I'm sure I'm missing something...

-br

@dc42 - Yeah, I like the sound of that.

@billroy - Earlier I was losing the 'OK' after a single command was received and executed, which stalled the job. Without serial, all 7000+ commands are executed and the job finishes.

Okay, here's what happened with all commands internalised and just 'OK' sent out from the Arduino after each command/scanline. Here's the output from Comport Toolkit, so I can't even blame VB any more :wink:

Time(GMT) Time(Job) Comment
15:07:12 00:00:00 Start of Job
19:51:16 04:44:04 Last 'OK' received (1089th)
11:48:55 20:41:43 End of job

After the 'OK's stopped appearing, the Tx light no longer flashed for the rest of the job. But the Serial.println("OK"); command must've been parsed by the Arduino as it was in the main loop. So, what's happening here?

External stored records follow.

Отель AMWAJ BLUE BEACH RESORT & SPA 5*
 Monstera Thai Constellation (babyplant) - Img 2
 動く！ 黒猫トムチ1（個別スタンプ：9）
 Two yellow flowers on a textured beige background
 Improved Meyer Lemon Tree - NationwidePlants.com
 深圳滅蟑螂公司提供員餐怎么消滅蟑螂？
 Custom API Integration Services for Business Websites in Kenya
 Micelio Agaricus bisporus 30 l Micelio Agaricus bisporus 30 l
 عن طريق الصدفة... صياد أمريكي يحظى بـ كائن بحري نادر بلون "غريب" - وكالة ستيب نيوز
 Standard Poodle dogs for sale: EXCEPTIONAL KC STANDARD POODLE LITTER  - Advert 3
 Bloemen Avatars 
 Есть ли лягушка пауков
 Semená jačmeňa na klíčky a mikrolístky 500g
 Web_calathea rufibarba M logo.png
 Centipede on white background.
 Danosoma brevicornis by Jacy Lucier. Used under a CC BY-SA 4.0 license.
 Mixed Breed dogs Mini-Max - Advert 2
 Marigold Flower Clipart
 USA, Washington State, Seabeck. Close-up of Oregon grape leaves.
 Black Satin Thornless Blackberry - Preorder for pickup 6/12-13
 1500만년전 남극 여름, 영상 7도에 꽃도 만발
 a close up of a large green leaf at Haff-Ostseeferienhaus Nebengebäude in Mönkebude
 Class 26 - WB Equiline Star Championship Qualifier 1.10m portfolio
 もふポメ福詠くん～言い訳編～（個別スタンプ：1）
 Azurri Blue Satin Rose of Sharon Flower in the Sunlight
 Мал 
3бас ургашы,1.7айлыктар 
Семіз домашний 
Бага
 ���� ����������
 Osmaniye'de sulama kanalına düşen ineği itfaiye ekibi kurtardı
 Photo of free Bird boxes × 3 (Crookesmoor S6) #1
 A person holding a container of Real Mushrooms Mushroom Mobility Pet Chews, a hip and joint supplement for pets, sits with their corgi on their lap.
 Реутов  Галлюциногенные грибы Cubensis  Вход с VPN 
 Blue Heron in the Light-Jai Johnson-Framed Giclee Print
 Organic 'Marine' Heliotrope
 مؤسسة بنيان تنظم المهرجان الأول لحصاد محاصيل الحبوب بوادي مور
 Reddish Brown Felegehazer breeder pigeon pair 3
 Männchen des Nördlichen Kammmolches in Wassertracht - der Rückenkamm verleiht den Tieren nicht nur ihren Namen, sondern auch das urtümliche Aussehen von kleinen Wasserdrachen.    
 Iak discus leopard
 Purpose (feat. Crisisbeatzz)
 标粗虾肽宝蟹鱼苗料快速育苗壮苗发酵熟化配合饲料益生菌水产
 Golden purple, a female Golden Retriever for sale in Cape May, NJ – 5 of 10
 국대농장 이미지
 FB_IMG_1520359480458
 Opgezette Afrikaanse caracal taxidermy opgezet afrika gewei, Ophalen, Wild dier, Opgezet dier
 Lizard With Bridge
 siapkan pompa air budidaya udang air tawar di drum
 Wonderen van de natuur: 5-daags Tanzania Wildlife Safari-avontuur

Oh, and something else that's interesting is the fact that without the Serial exchange between the two machines it cut nearly 4 hours off the job!

Your persistence and tenacity are commendable.

Suppose a ram corruption issue (wild pointer or stack overflow) is smashing the 'OK' string in RAM. A well-placed zero written over the first character would make the string zero length, which would replicate the "OK stops coming" part of the bug.

You could test this by using the OK string as a canary for ram contamination:

char *canary = "OK";

…check in command loop…
if (canary[0] != 'O') the canary is dead

It should never change, but it would be interesting if it did, right? It would mean the last command did something to corrupt ram.

If you can pin it down to a single/certain command, that would be progress...

-br

@ billroy - Interesting idea, I'll stick it on my 'to do' list.

For now, I'm trying something I should've years ago and running my original serial-based setup from a completely different machine. I've been using a little EeePC up to now, which is beautifully compact, but had so much added/subtracted/plugged/unplugged over the years I can't help feeling there's something up with its USB ports. I've recently restored an old Acer Aspire 1350, so we'll see how that fares.

Onward...

Well (to paraphrase myself) that worked, TWICE!

Yup, it was the laptop closing the port. I don't blame the Eee PC1000H itself, it probably just needs a fresh install of the OS. Dunno why, but I'm using a different computer now (also XP SP3) and everything's running like butter wouldn't melt.

Sincere thanks for all the suggestions which have helped to stabilise my electronics and tighten my coding.

Thank you!

[RESOLVED] Near-enough :wink:

Laptop going into sleep mode after a while, perhaps?

Absolutely no idea!

I disabled sleep mode/power-saving (even the screen saver), culled all non-essential processes, pulled the network, switched off Wifi/Bluetooth and disabled SelectiveSuspend on the USB ports. I would do a fresh install, but it's such a faff on the Eee PC without a CD-ROM drive. I'll keep the old Acer in the workshop now, the Eee PC can go back to being what it was originally bought for, being m-o-b-i-l-e!